Like beer and burgers, the flowers on Rondebosch Common are always better in the afternoon. There’s no point getting there in the morning: these are Cape Town plants after all, and you know what Cape Town is like. The mornings are simply too early to do anything, and then there’s lunch to negotiate. No, it’s far better to wait until the sun is hanging fat and full in the western sky before opening up.

Once part of our diet, the tiny bulbs of Romulea rosea open up their beautiful flowers after lunch; it’s called a Rooiknikkertjie in Afrikaans (try its pronunciation in private) & is part of the Iris family.

And – unusually – I’m not even being facetious: the flowers of many fynbos species – daisies, oxalis (sorrel) and geophytes (bulbs) in particular – open only after being drenched in sunlight for most of the day. Take Moraea bituminosa for example, a type of Iris. It only starts unfurling its bright yellow petals at noon and the flower withers away by late afternoon. And you’ll sometimes have to wait until after three in the afternoon to get a glimpse of Moraea saxicola.
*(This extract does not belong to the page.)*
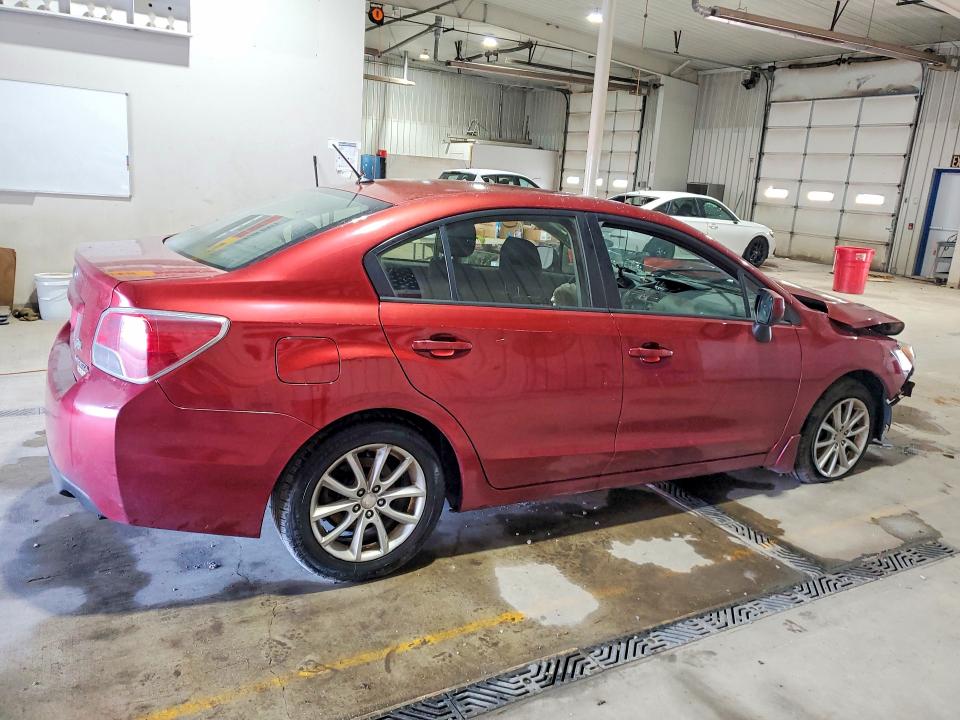صورة رقم 3 من المزاد - 2013 SUBARU IMPREZA مع VIN JF1GJAC61DH003584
The flowers of the Beetle Lily (Baemetra uniflora) have evolved to resemble female monkey beetles, thus enticing deluded male beetles into their pollen-filled centre.

Why so? Probably an evolutionary tactic to maximise exposure to pollinating insects. They like it nice and hot too, and it certainly seems to work: a spring afternoon on Rondebosch Common is not only a canvas of colour but a symphony of buzzing, whizzing and humming too: Cape Honeybees, Painted Lady butterflies, Monkey beetles – you name it – all covered in pollen and urgently working their ways around the flowers

A honeybee probing for nectar in Lotononsis, a member of the Pea family (Fabaceae) that sprawls over wet ground on the common.

It’s something particularly noticeable after fire has swept through fynbos. The bare, burnt ground quickly erupts with geophytes – irises, hyacinths, oxalis, amaryllis and orchids – as they respond to the triggers of smoke and heat as well as the exposure of the earth to full sunlight. But although fire is good news for fynbos plants, it’s not so great for their animal pollinators, insects included. So plants have to pull every trick in the book to ensure they are visited – indeed, it can be said with confidence that this cut-throat competition for animal pollinators is one of the great drivers of fynbos diversity – everyone is trying something.

Part of the Geranium family, Pelargonium triste is called Kaneelblom in Afrikaans – ‘Cinnamon flower’ – as it releases an amazing cinnamon scent in the evening to entice moths

So, pull on a pair of Wellington boots and see for yourself. Low-lying and often waterlogged in winter, Rondebosch Common is a unique conservation area where dog walkers and children on bicycles rub shoulders (at a discreet Covid-distance) with botanists and nature photographers. It protects remnants of highly endangered local biomes – Cape Flats Fynbos and Renosterveld – and is home to around 300 different species of indigenous plants. Snakes and birds too. But if you can’t get here just now, then I hope you enjoy this selection of flowers from a September afternoon.

 

Babiana ambigua is a short-stemmed Iris found in the heavier clay soils of the common’s Renosterveld section where baboons once dug up their bulbs to eat.

You’d normally associate succulent plants with dry conditions but Lampranthus glaucus is a Cape Flats specialist & found in seasonally wet areas – a vlei in Afrikaans (pronounced ‘flay’).

A white Dimorphotheca ‘Cape daisy’ with yellow Spiloxenes in the background – the latter are in the Star Lily family – Hypoxidaceae.

The flowers of Trachyandra are normally pollinated by bees so these beetles are getting a free meal, as indeed did we once: the flowering stalks were eaten like asparagus by the Khoisan & European settlers.

Rondebosch Common is great if you like yellow daisies: this is in the genus Ursinia, part of the chamomile group within Asteraceae.